> [Records]:
# # # # # # #

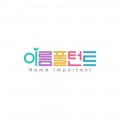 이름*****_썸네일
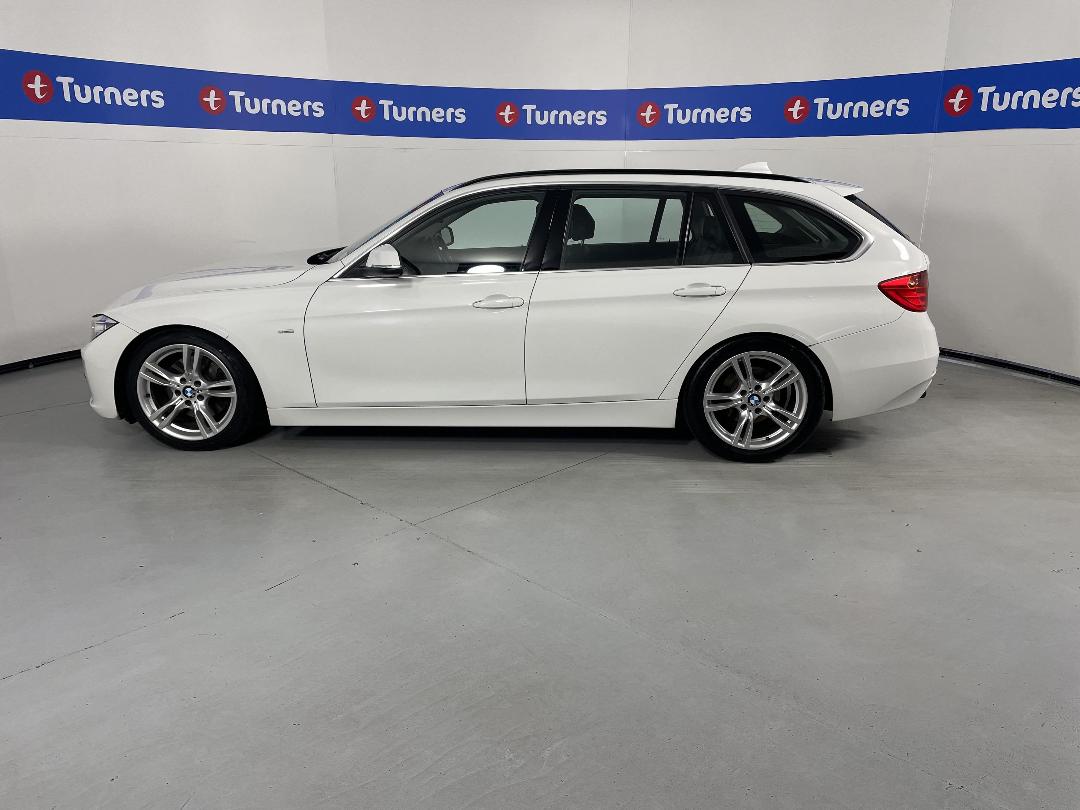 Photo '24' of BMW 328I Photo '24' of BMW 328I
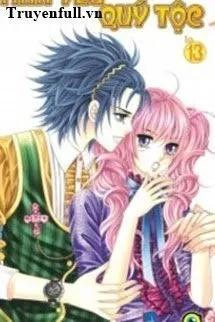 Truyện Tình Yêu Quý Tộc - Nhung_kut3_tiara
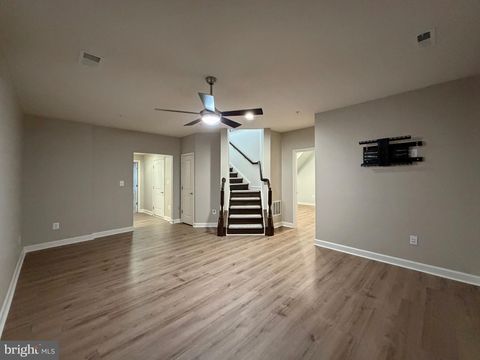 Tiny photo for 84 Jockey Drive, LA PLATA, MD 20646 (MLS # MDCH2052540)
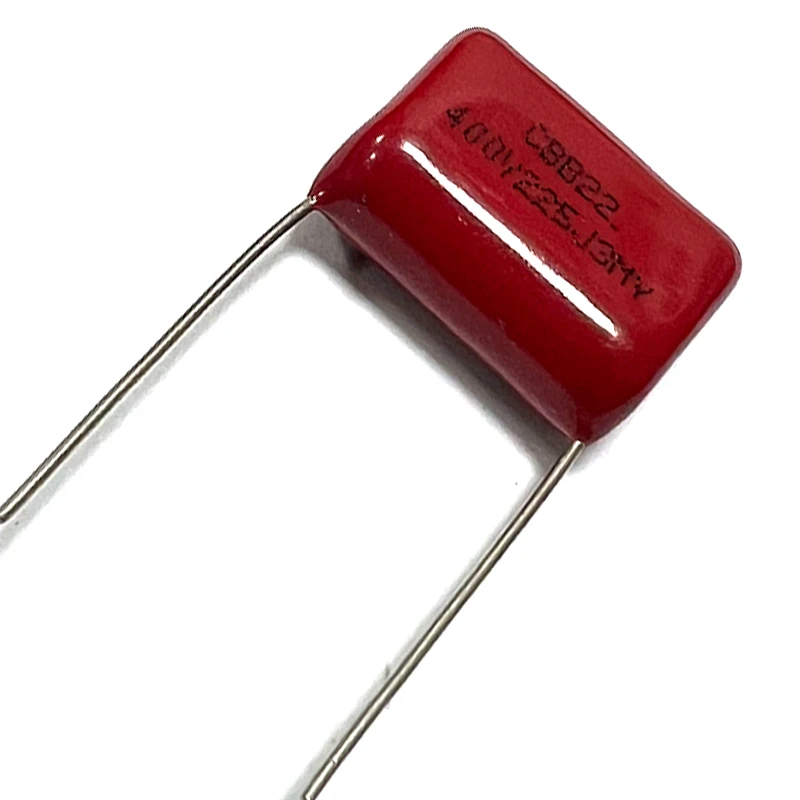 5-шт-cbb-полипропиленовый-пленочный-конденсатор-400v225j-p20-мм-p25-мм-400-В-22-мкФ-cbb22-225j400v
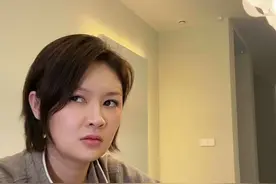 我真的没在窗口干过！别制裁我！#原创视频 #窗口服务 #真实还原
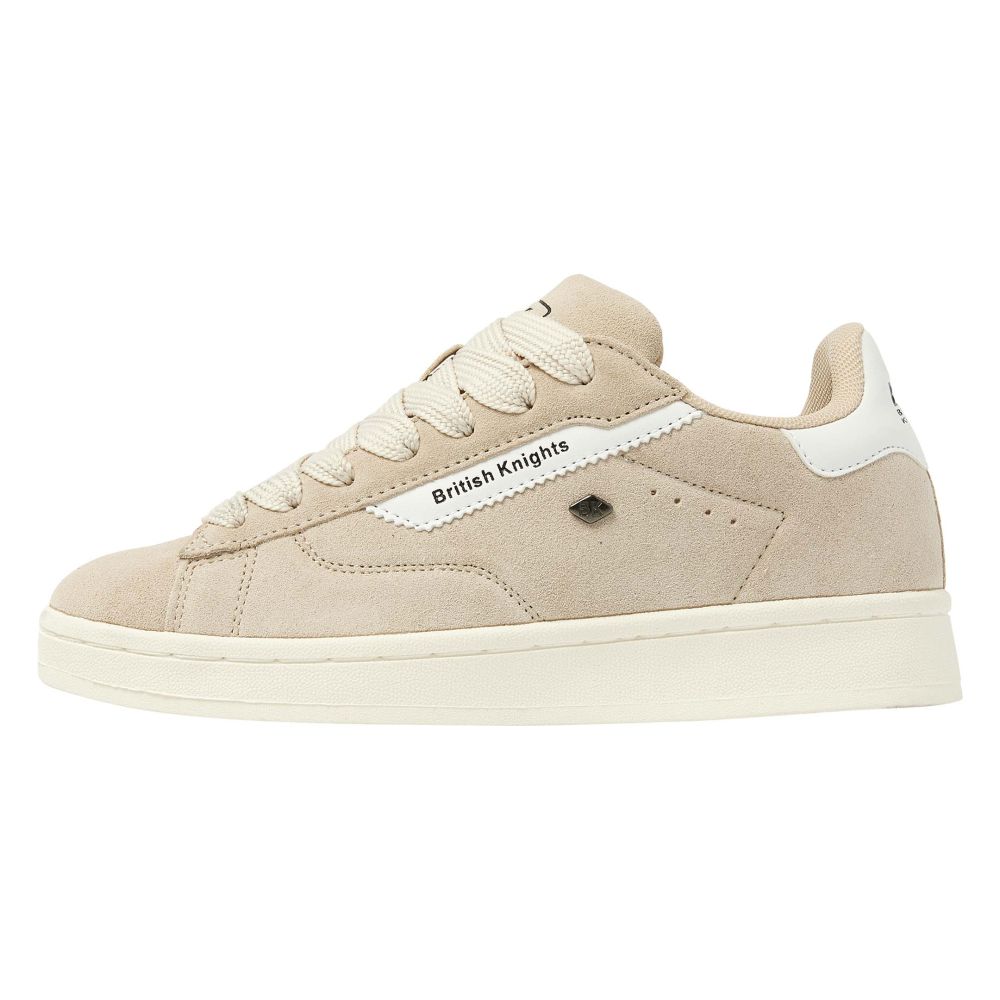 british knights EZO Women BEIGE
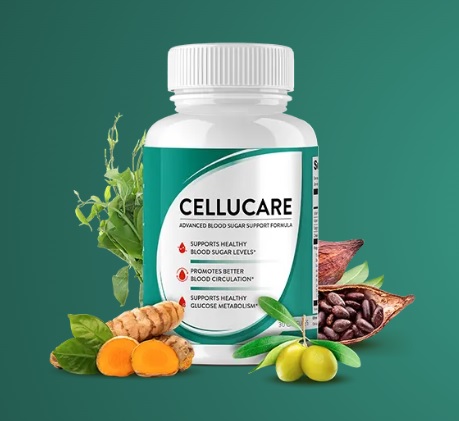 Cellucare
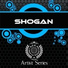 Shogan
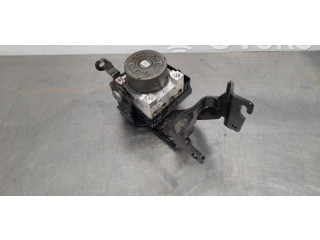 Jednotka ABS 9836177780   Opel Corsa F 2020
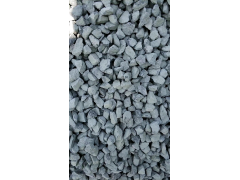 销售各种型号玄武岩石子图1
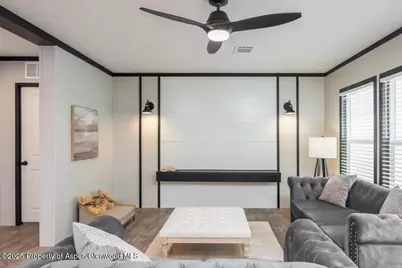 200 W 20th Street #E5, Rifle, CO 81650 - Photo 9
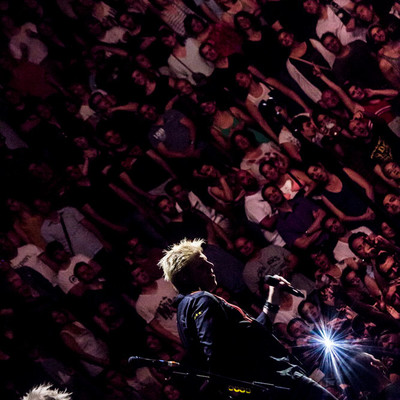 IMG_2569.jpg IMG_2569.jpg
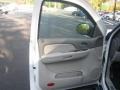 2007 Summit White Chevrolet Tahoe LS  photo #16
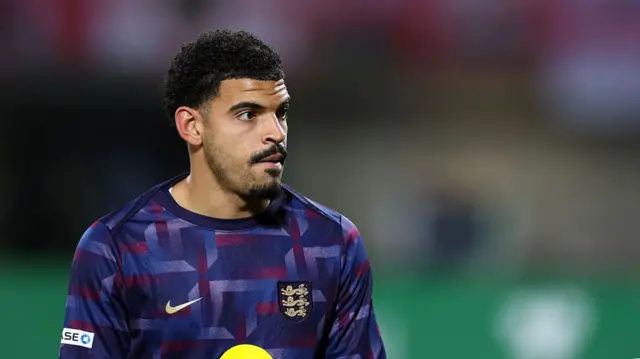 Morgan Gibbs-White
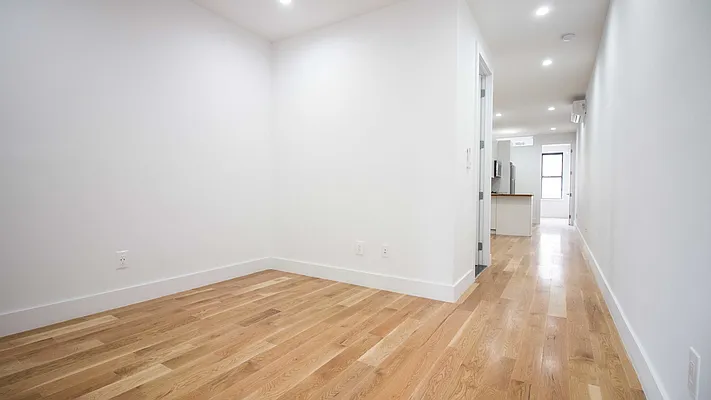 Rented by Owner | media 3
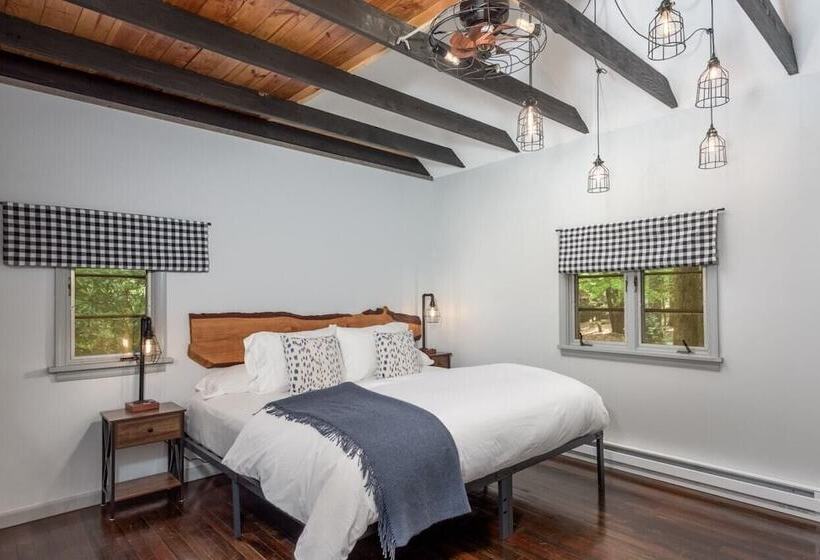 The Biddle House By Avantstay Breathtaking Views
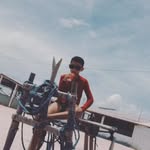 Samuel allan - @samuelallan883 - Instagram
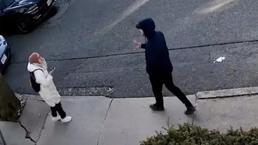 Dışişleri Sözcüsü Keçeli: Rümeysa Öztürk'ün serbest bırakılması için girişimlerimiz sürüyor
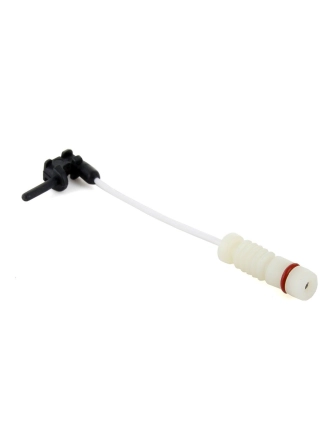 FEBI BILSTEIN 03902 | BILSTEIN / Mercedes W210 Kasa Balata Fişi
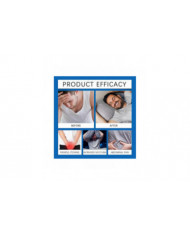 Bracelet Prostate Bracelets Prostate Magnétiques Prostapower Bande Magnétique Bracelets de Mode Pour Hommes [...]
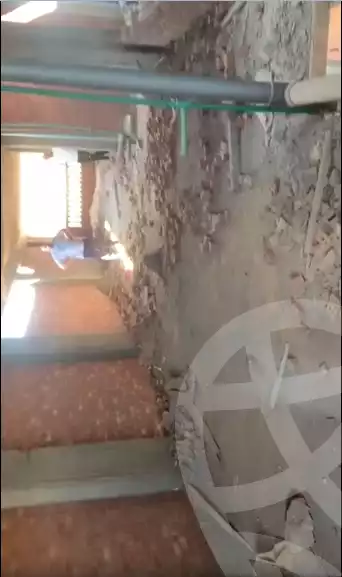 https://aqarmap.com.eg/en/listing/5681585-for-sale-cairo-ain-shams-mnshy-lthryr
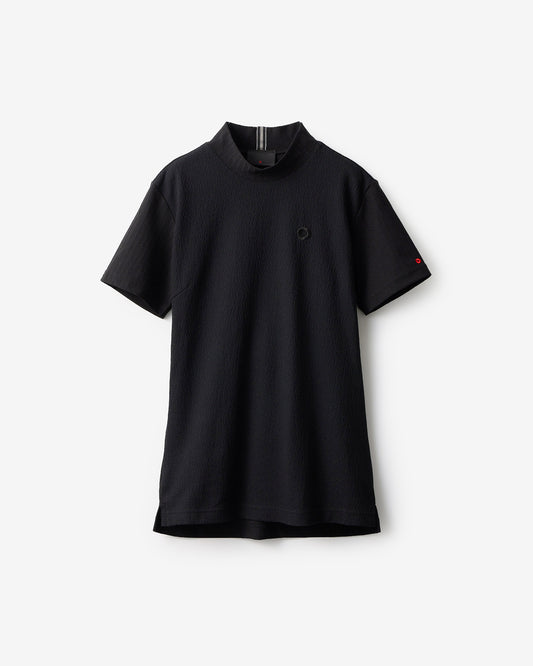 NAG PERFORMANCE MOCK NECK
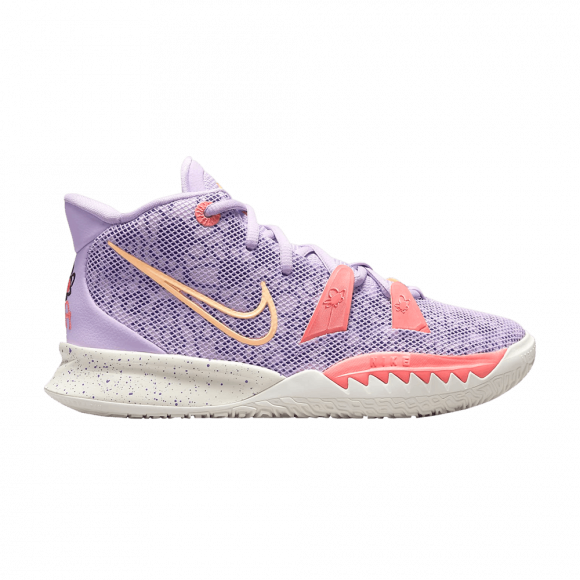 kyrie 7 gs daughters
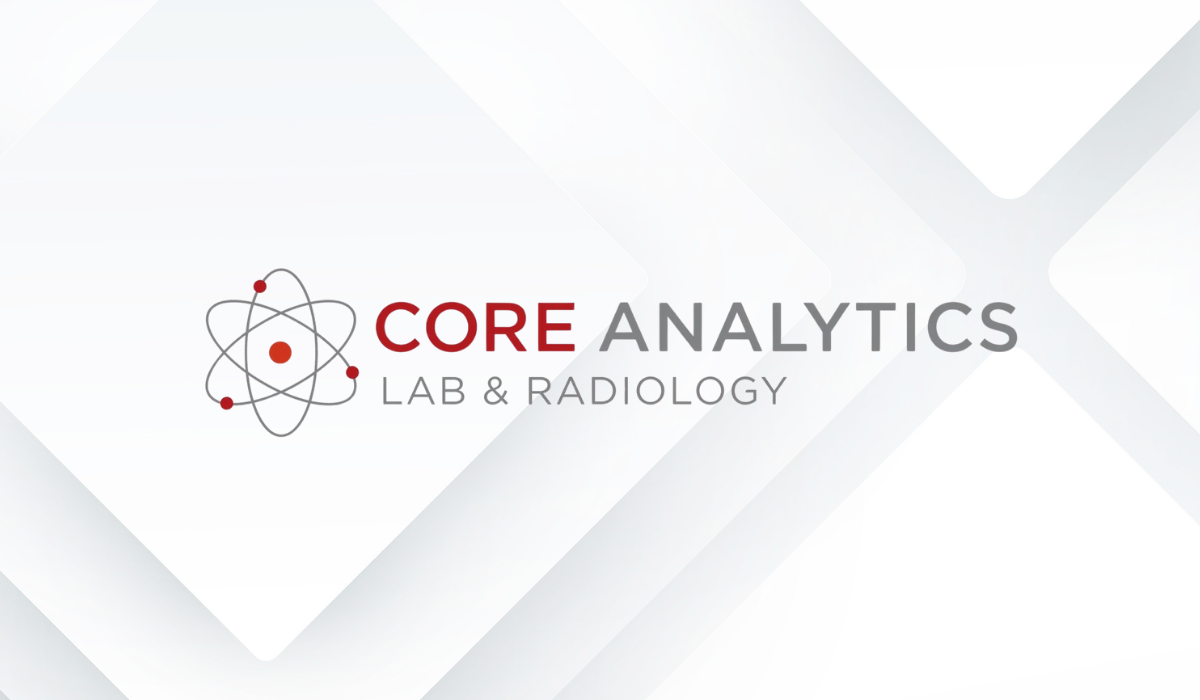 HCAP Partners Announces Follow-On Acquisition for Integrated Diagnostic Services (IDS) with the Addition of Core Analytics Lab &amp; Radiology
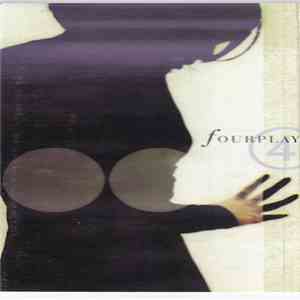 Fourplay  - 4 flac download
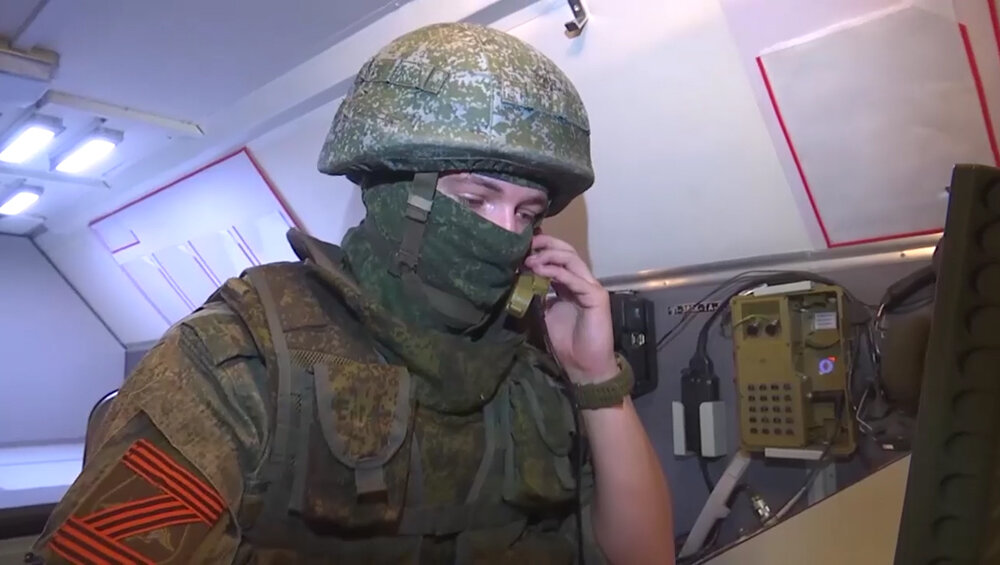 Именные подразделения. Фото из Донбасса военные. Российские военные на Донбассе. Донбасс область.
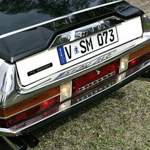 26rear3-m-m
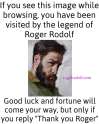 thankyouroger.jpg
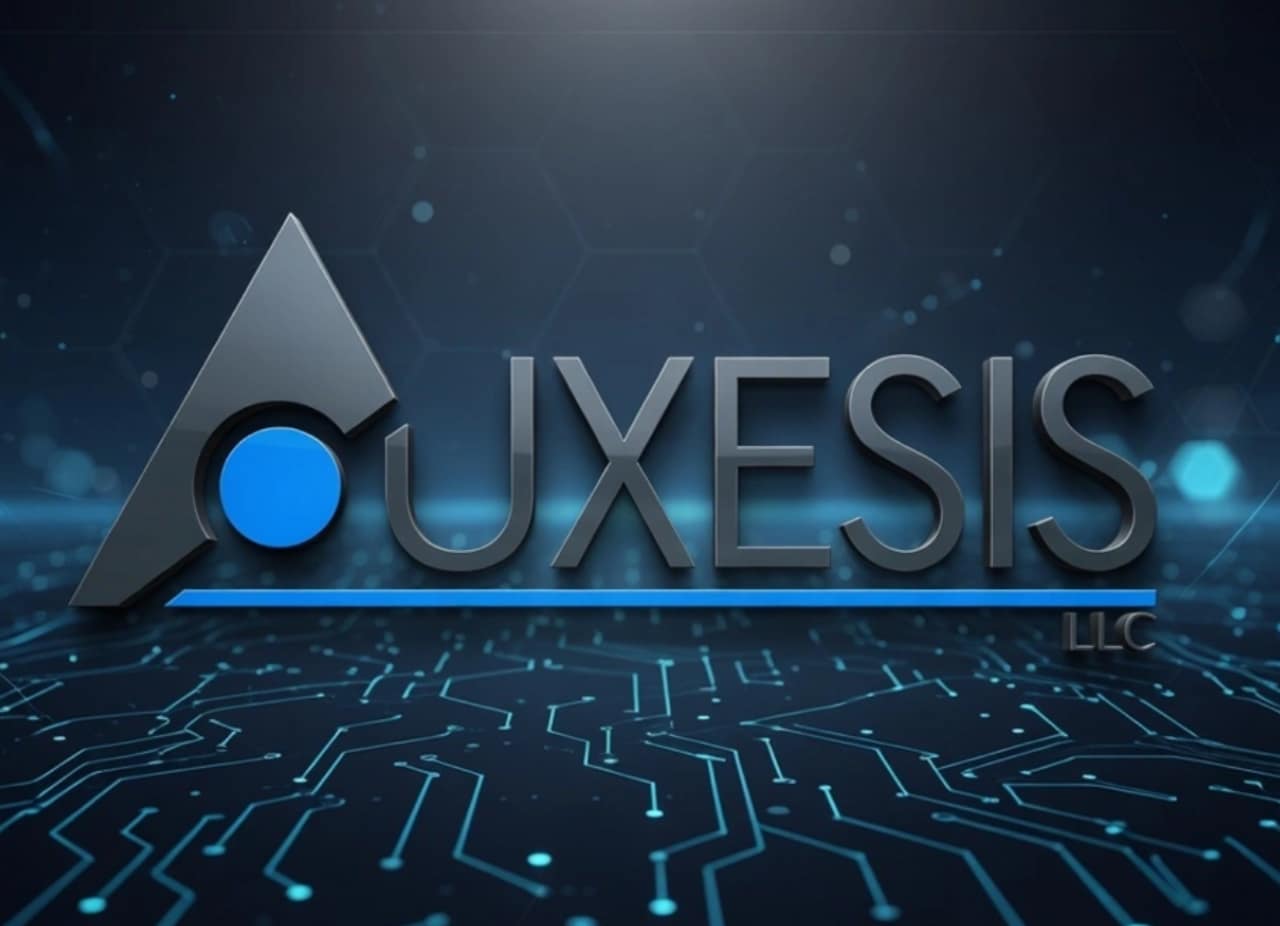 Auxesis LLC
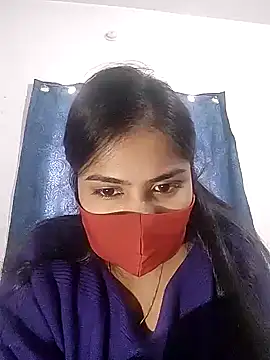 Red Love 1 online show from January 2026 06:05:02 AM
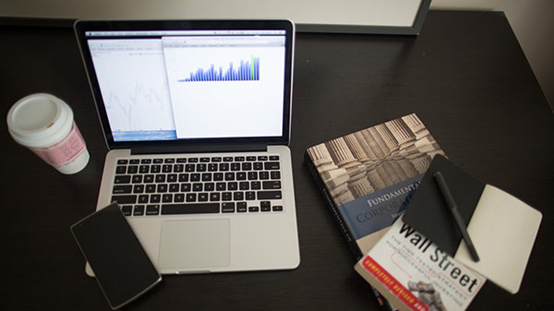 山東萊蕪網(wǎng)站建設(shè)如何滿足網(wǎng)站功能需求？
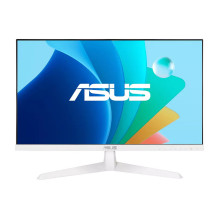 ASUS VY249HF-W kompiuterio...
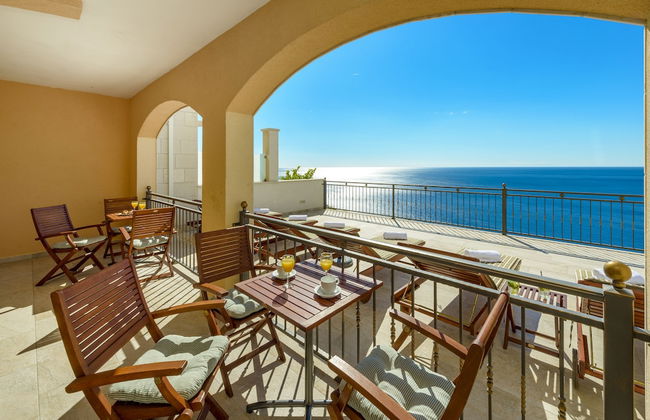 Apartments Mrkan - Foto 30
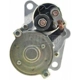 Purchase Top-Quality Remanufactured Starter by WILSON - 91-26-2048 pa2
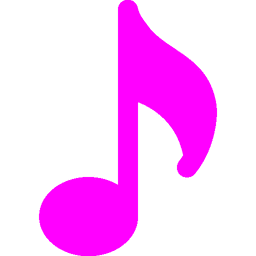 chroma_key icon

# # # # # # #

Please copy, exactly and only, the lines of the listing that run from the one holding "山東萊蕪網(wǎng)站建設(shè)如何滿足網(wǎng)站功能需求？" through its last line, and exclude pictures.

> [Answer space]:
 山東萊蕪網(wǎng)站建設(shè)如何滿足網(wǎng)站功能需求？
 ASUS VY249HF-W kompiuterio...
 Apartments Mrkan - Foto 30
 Purchase Top-Quality Remanufactured Starter by WILSON - 91-26-2048 pa2
 chroma_key icon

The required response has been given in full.